Il villaggio Neve Shalom

Nevé Shalom

Nonostante tutto continua la profezia del villaggio “Neve Shalom” che significa Oasi di pace, fondato nel 1972 da padre Bruno Hussar (morto nel 1996), ebreo convertito al cristianesimo, che ha creduto fin dall’inizio al dialogo tra ebrei e musulmani. Questo luogo di confronto, né religioso né politico, «ha mosso così i primi passi della futura scuola per la pace», racconta l’attuale presidente di Neve Shalom. La comunità oggi è molto frequentata da persone di diversa provenienza (giovani, adulti, universitari…) che si fermano per un week-end o addirittura una settimana per partecipare ai laboratori. Dopo gli accordi di Oslo del 1993 a Neve Shalom è cresciuto il fermento e sono nati tanti progetti. Negli anni successivi le tensioni esterne hanno attratto sempre più persone nel villaggio della pace.

La Tenda del Silenzio

Massima attenzione si è sempre posta all’uso del linguaggio e la carta vincente è stata quella di aprire asili e scuole offrendo un’educazione bi-lingue, con insegnanti ebrei e arabi. La prima classe contava solo 11 bambini, poi i numeri sono cresciuti e negli anni Novanta la scuola si è aperta anche al territorio.

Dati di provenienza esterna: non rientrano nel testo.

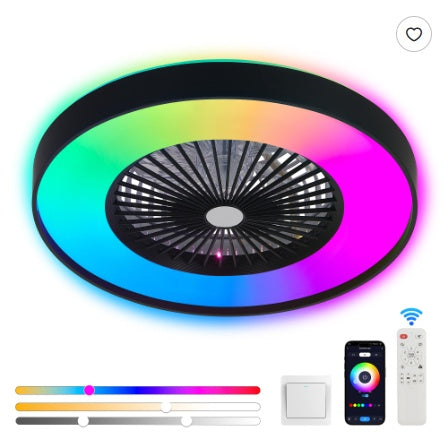 23" Smart Black Ceiling Fan with LED RGB Light 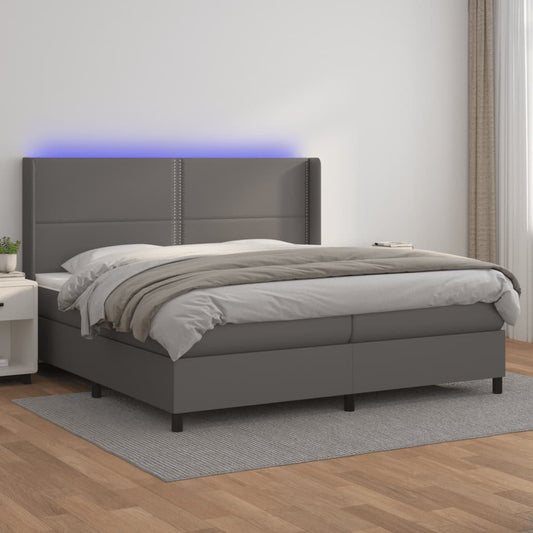 Giroletto Molle con Materasso e LED Grigio 200x200cm Similpelle - homemem39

Intanto sono nati il Giardino dei Giusti, la Tenda del Silenzio e altre strutture. Negli ultimi 20 anni le scuole sono state frequentate da 300 studenti all’anno e attualmente nel villaggio vivono un centinaio di famiglie equamente distribuite tra arabi ed ebrei. Grazie all’associazione “Mano nella mano”, l’esperienza di Neve Shalom si sta diffondendo anche in altre zone. Non mancano studiosi e pubblicazioni su questo modello di convivenza.

Cosa resta del viaggio

La Messa conclusiva a Neopolis

I pellegrini sono rientrati la sera del 21 marzo portando con sé un ricco bagaglio di testimonianze, racconti, esperienze, riflessioni ed emozioni, dopo aver vissuto serate di confronto anche tra loro e momenti di preghiera di intercessione per la pace pur nei pochi giorni a disposizione. Nessuna pretesa di sentirsi “costruttori di pace”, ma solo piccolo seme di presenza e di condivisione in questo tempo di buio per la Terra Santa.

«Questo pellegrinaggio – dice Paolo Dell’Oca al rientro in Italia – ha riportato all’attenzione del mio cuore il valore dell’ascolto di ogni punto di vista e la non scontata gratitudine espressa da parte di persone che non incontrano pellegrini da ottobre. Mi ha stravolto l’oscurità che ho riscontrato nelle prospettive per le abitanti e gli abitanti della Terra Santa. Le testimonianze che abbiamo avuto il dono di ricevere mi hanno impressionato per la forza d’animo dimostrata nonostante una sofferenza di mesi. Credo che il nostro stesso viaggio sia stato una piccola preghiera di intercessione e di pace, e quanto bisogno ci sia di educarci alla speranza e di seminare».

Parole di riconoscenza hanno espresso tutti gli interlocutori che dall’ottobre scorso non hanno più visto turisti e gruppi arrivare nella terra di Gesù. Nessun rappresentante ha chiesto aiuti concreti o sostegno economico, ma a gran voce tutti incoraggiano il ritorno dei pellegrini perché la situazione a Gerusalemme è tranquilla e la popolazione ha solo bisogno di lavorare e tornare alla normalità.